In the journal Nature Communications, an interdisciplinary team from the Max Planck Institute of Colloids and Interfaces presents for the first time a laser-driven technology that enables them to create nanoparticles such as copper, cobalt and nickel oxides. At the usual printing speed, photoelectrodes are produced in this way, for example, for a wide range of applications such as the generation of green hydrogen.
Previous methods produce such nanomaterials only with high energy input in classical reaction vessels and in many hours. With the laser-driven technology developed at the institute, the scientists can deposit small amounts of material on a surface and simultaneously perform chemical synthesis in a very short time using high temperatures from the laser. ‘When I discovered the nanocrystals under the electron microscope, I knew I was onto something big,’ says Junfang Zhang, first author of the study and doctoral researcher.

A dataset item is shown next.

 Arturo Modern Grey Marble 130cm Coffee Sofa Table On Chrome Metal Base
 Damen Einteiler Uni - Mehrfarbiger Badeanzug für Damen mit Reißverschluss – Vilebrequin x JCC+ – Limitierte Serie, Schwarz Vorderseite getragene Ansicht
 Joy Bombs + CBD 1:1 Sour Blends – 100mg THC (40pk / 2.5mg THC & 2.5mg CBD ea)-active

The discovery turned into a new and environmentally friendly method for synthesizing materials that can, among other things, efficiently convert solar energy into electricity.

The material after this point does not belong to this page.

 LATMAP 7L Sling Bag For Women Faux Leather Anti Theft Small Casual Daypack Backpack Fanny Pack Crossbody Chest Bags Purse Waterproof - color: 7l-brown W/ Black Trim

Without detours with sunlight to hydrogen: ‘Nowadays most of green hydrogen is produced from water using electricity generated by solar panels and stored in batteries. By employing photoelectrodes we can use solar light directly,’ says Dr. Aleksandr Savateev.
The newly developed principle works with so-called transition metal oxides, mainly copper, cobalt and nickel oxides, all of which are good catalysts. The special feature of these oxides is the variety of their crystal forms (nanocrystals such as nanorods or nanostars), which affect their surface energy. Each structure can have a different effect on catalytic reactions. Therefore, it is important that these nanostructures can be made targeted - or even untargeted, but repeatable. The developed technology could also be used to find quickly and efficiently new catalysts. ‘Laser dot by laser dot, we can create different catalysts side by side by simply varying the composition and conditions, and then also test them in parallel right away,’ says Dr. Felix Löffler adding, ‘But now we need to work on making the catalyst systems more persistent in all applications’.
Similar to the principle of a typewriter, material is transferred from a donor to an acceptor carrier. On the former is the ‘ink’, a solid polymer, which is mixed with metal salts, the latter consists of a thin carbon nitride film on a conductive electrode. Targeted laser irradiation transfers the salts to the acceptor along with the molten polymer. The brief high temperatures cause the salts to react within milliseconds and they transform into metal oxide nanoparticles with desired morphology.